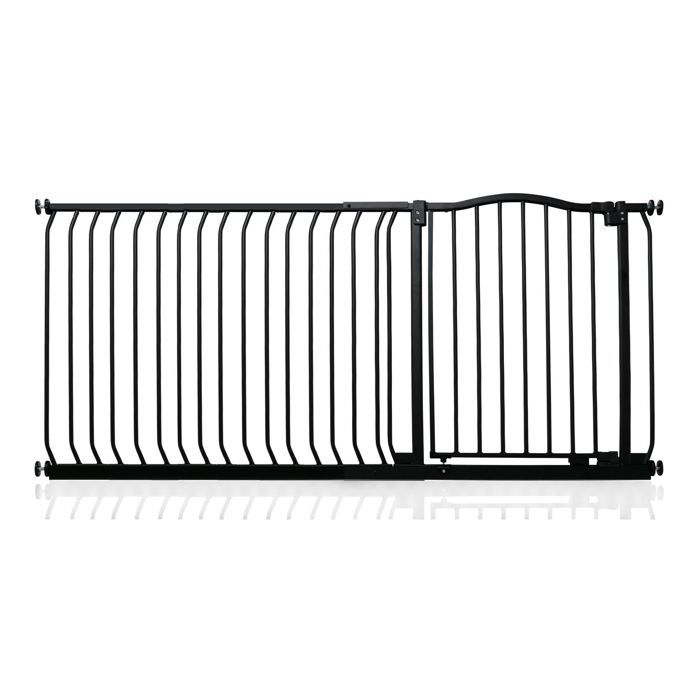 Comparer les prix de Safetots Barrière de Sécurité Supérieure avec Sommet Courbé, 171cm - 180cm, Noir Mat, Barrière de Sécurité pour Bébés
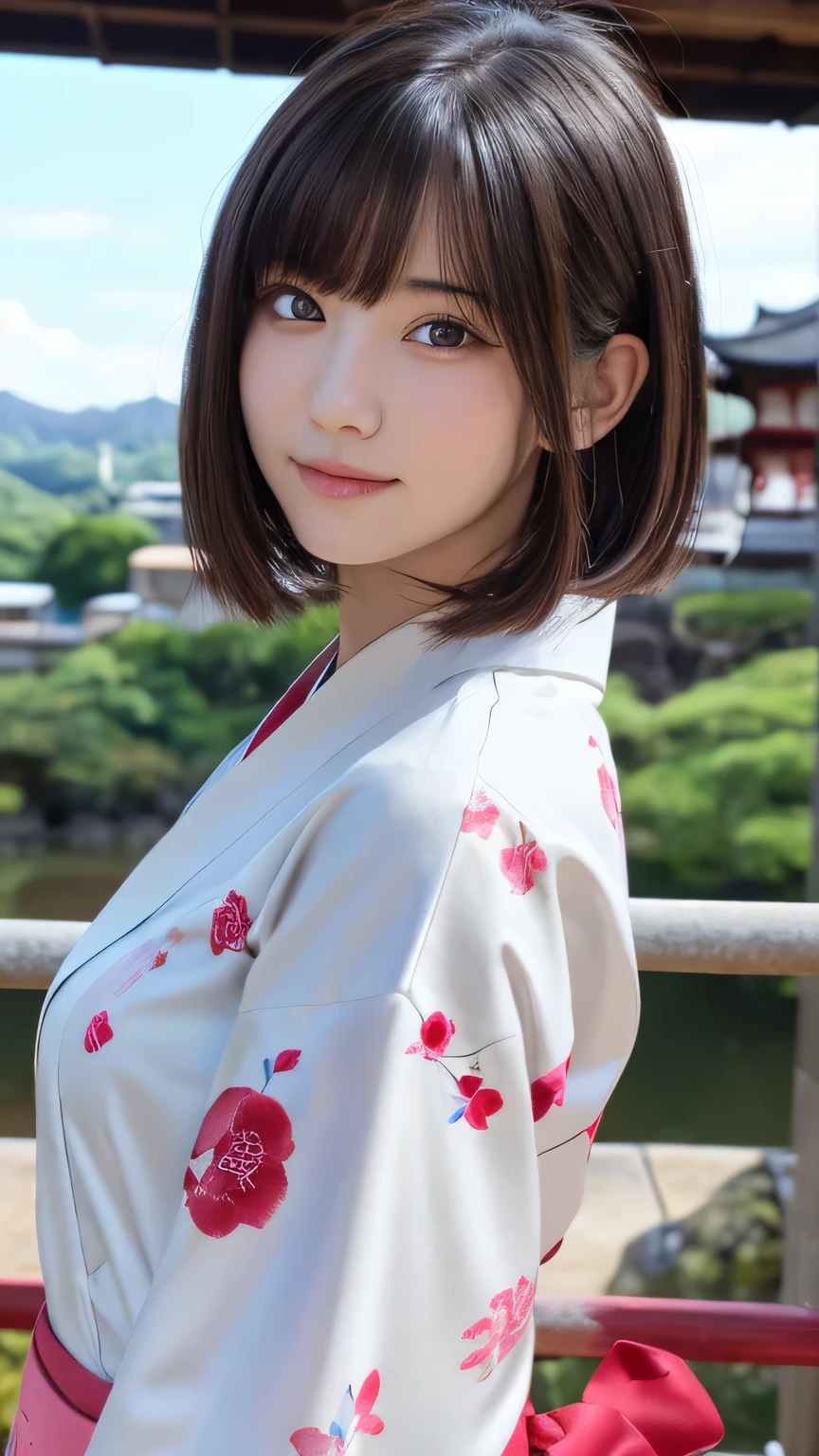 One Girl, (beautiful girl, Delicate girl:1.3), (16 years old:1.3),
break, (Kyoto, Kiyomizu temple, Large panorama:1.2),
break, (White floral kimono:1.3),
break, Very beautiful eyes, (Symmetrical eyes:1.3),
break, Large Breasts, Black eyes, Parted bangs, Black Hair, (Upper teeth, The best smile:0.2),
break, (Eye and facial details:1.0),
break, (masterpiece, Highest quality, Very detailed, Detailed face, 8K)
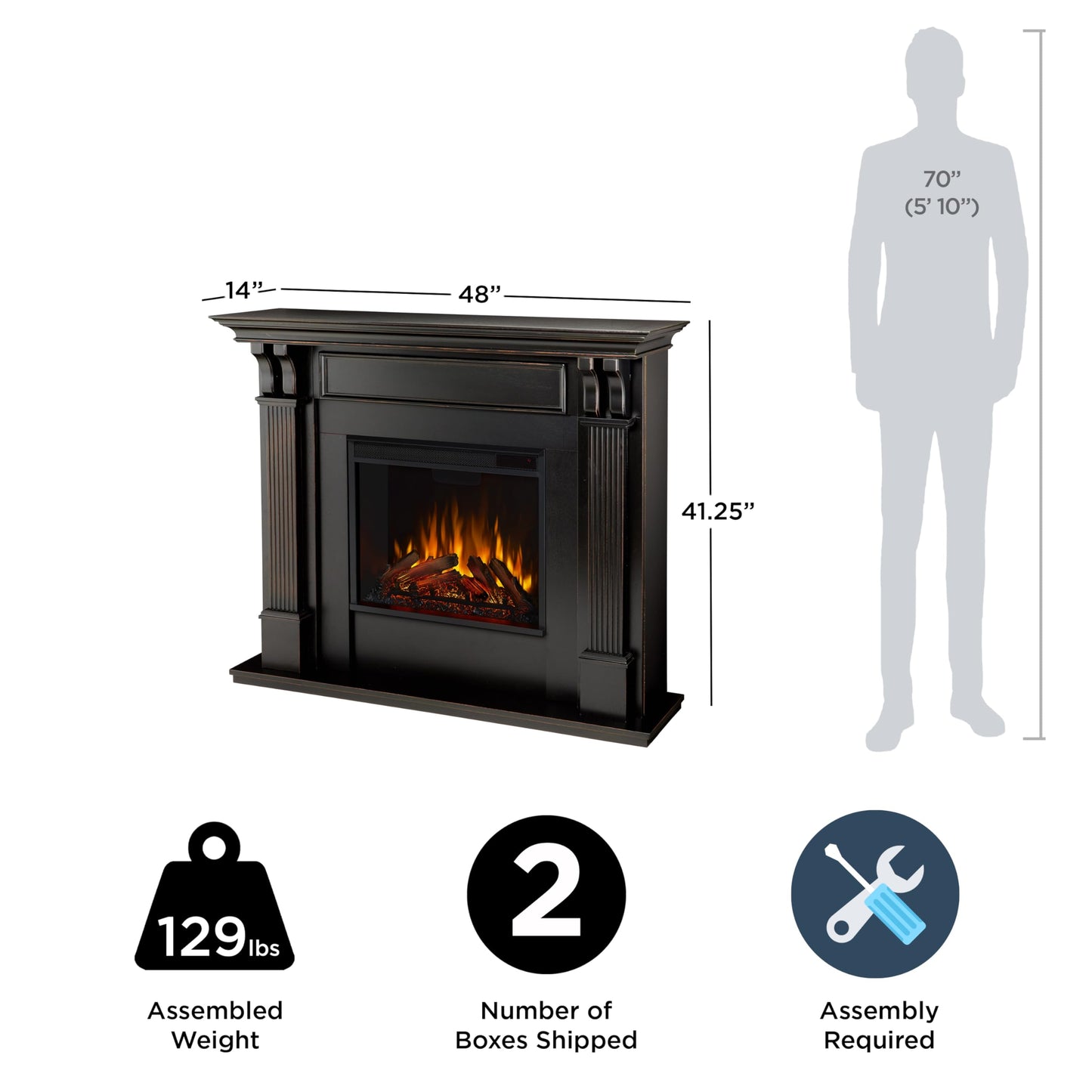 Real Flame Ashley 48" Electric Fireplace with Mantel for Living Room or Bedroom, Replaceable Fireplace Insert Heater, Realistic Log and Flame Effect, Remote Control, Timer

+---+

ACTIVITY ▸ Nothing but the lines from the one containing "break, (masterpiece, Highest" through the last line of the records should appear in the copy, exactly as written and without pictures.

EXPECTED ANSWER ▸
break, (masterpiece, Highest quality, Very detailed, Detailed face, 8K)
 Real Flame Ashley 48" Electric Fireplace with Mantel for Living Room or Bedroom, Replaceable Fireplace Insert Heater, Realistic Log and Flame Effect, Remote Control, Timer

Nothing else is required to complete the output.